# Multi-State licensure



## HornTootinEE (May 9, 2011)

Just to preface my post, I work for a utility, and the PE doesn't mean squat to my employer. Ok, That being said, If I passed the PE exam and get my ND license, is it worthwhile to be licensed in other states right now, or is it better to just wait until I actually may need to be licensed in other states? I was considering getting licensed in at least our neighboring states.


----------



## MA_PE (May 9, 2011)

djohnson.ee said:


> Just to preface my post, I work for a utility, and the PE doesn't mean squat to my employer. Ok, That being said, If I passed the PE exam and get my ND license, is it worthwhile to be licensed in other states right now, or is it better to just wait until I actually may need to be licensed in other states? I was considering getting licensed in at least our neighboring states.

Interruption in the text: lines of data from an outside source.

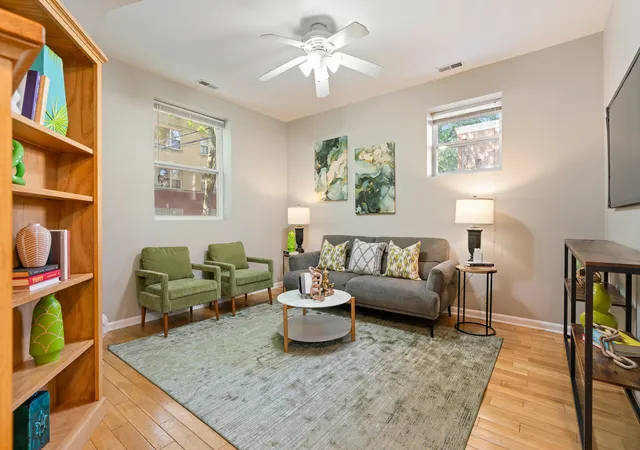 2nd image of 3908 W Ainslie St #G, Chicago, IL 60625 | MLS# 12680799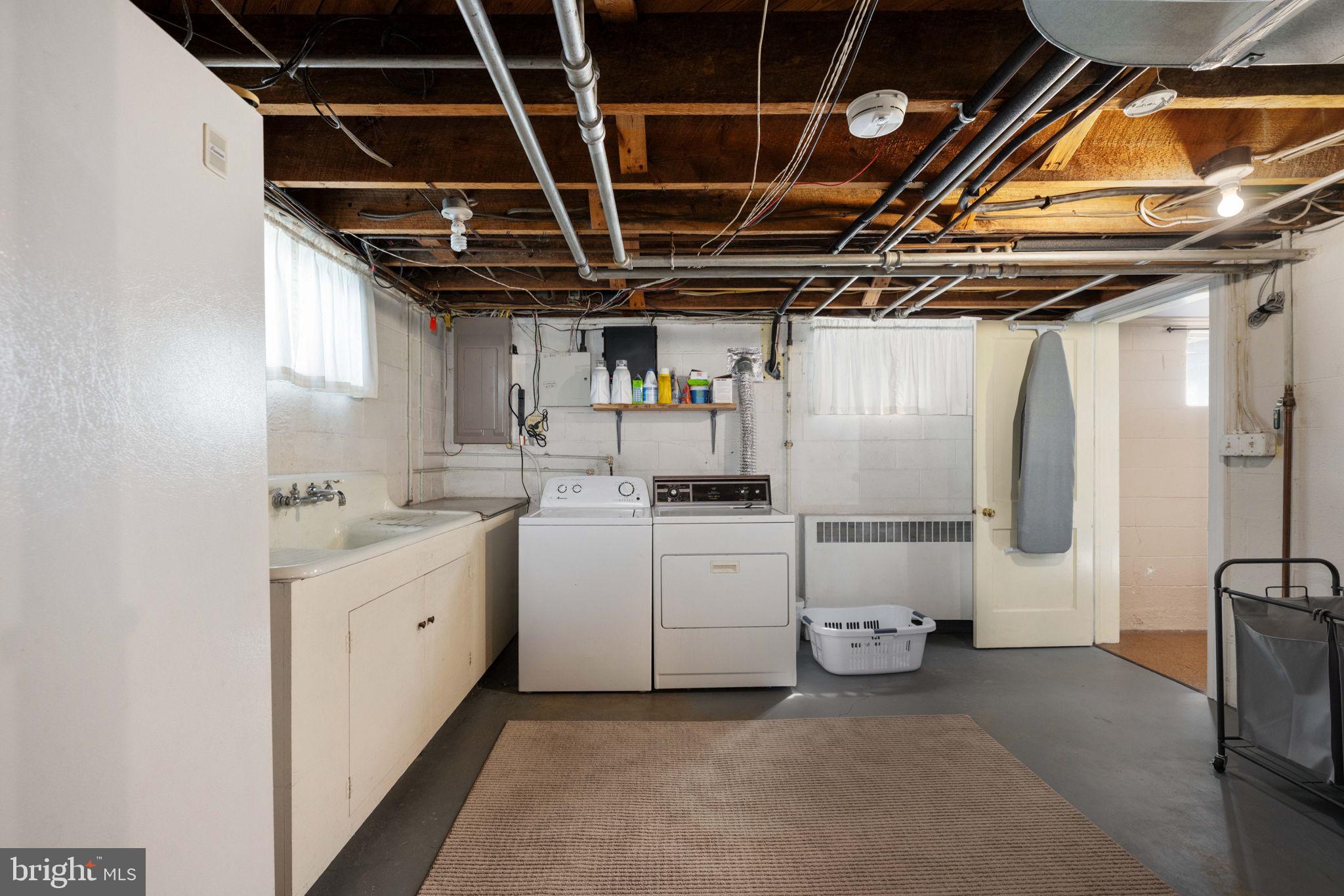 DOWNTOWN FREDERICKSBURG - Residential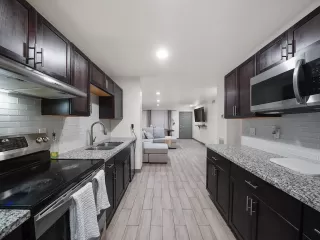 Photo #6: 78165147 Listing 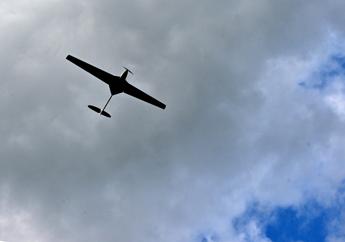 Ucraina, Kiev: "Abbattuto elicottero Russia con drone navale, attacco storico" - Video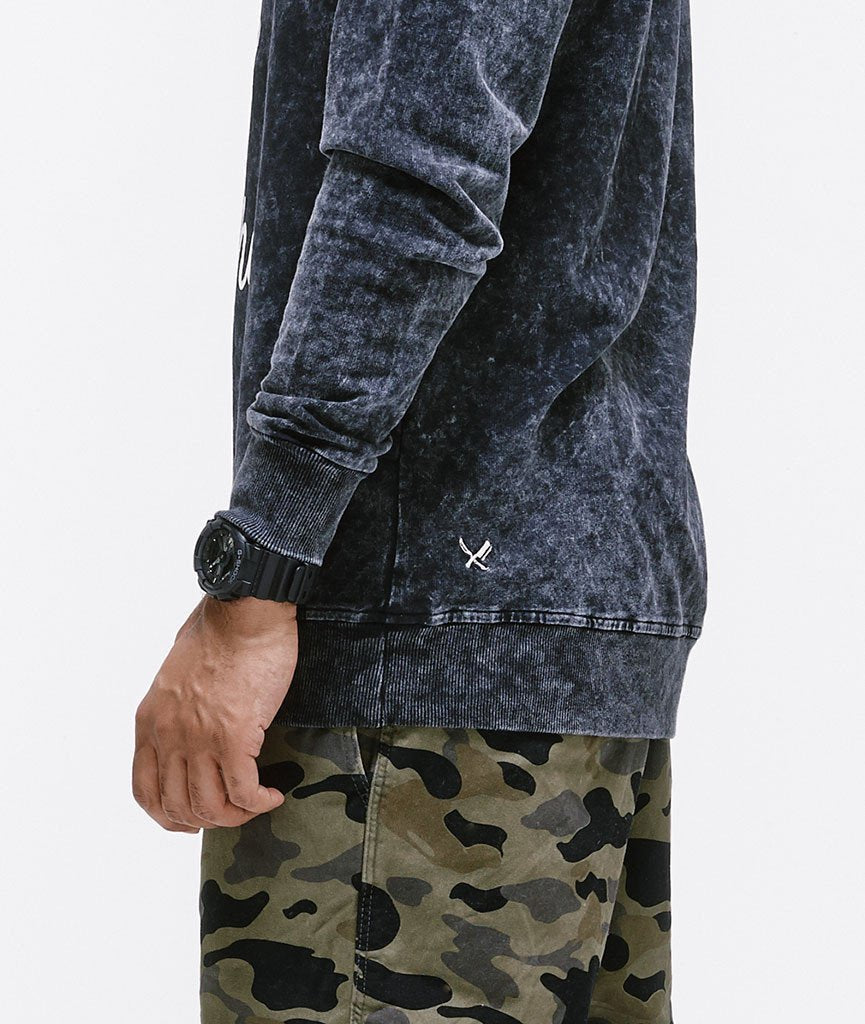 BB BLADES CUTTED NECK sweatshirt by Distorted People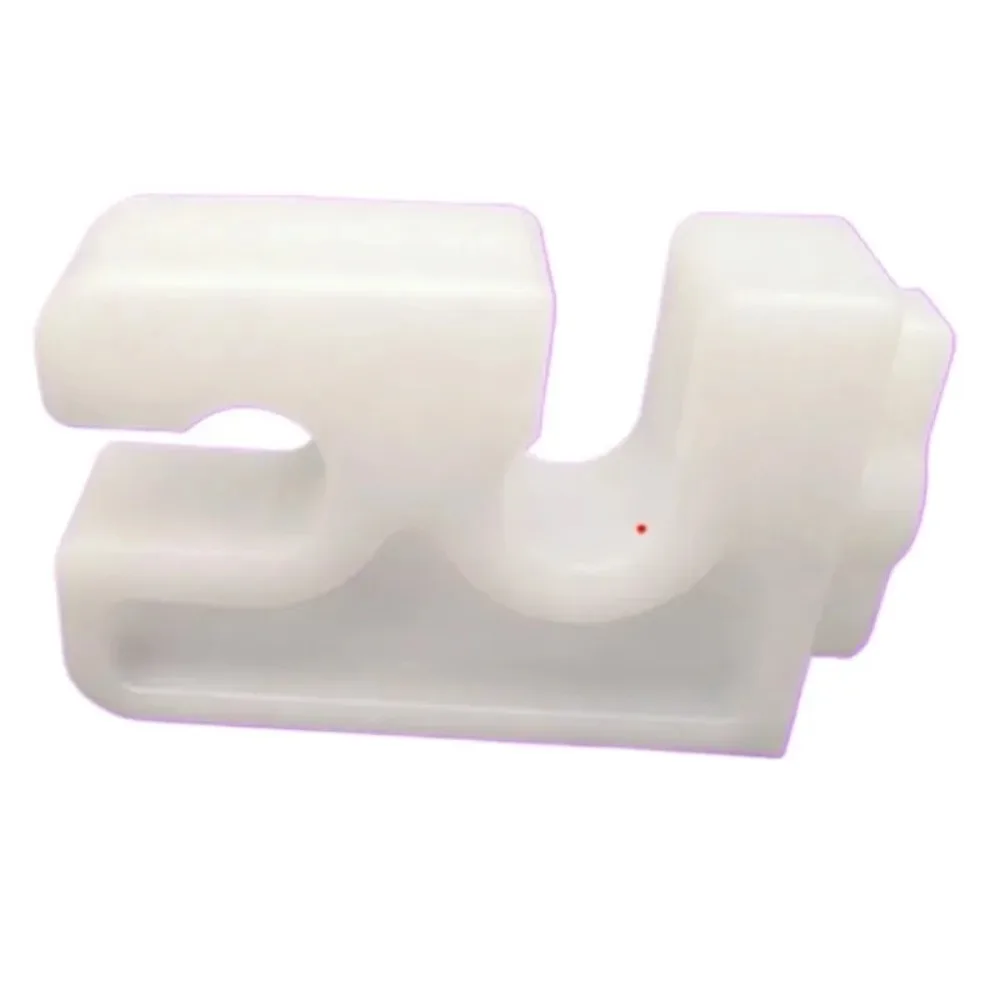 J43-6306328  1pc Plastic Trunk Hinge Torsion Bar Fixing Clip for Arrizo 8 3 5 GX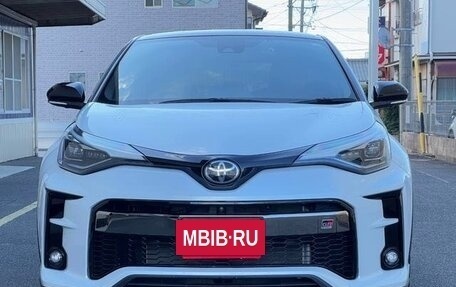 Toyota C-HR I рестайлинг, 2022 год, 1 636 000 рублей, 10 фотография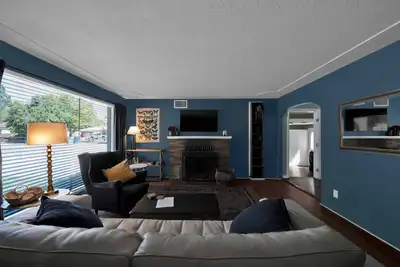 Image de Comfortable home near river access trail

Additional licenses mean additional licensing fees. If you're not practicing in the neighboring states then why pay fees to be licensed there. IMHO, your money would be better spent establishing an NCEES record and keeping it current. The NCEES record makes the process much smoother (and in some instances is required) if/when you decide to apply for licensure in other states.

Just my 0.02


----------



## RIP - VTEnviro (May 9, 2011)

I agree with MA here, spend your time getting a Record established. When the time does come to get licensed elsewhere, that will streamline the process.

The number of states you are licensed in isn't a popularity contest. I retired my NY license last year when renewal came due. It wasn't serving me any purpose.


----------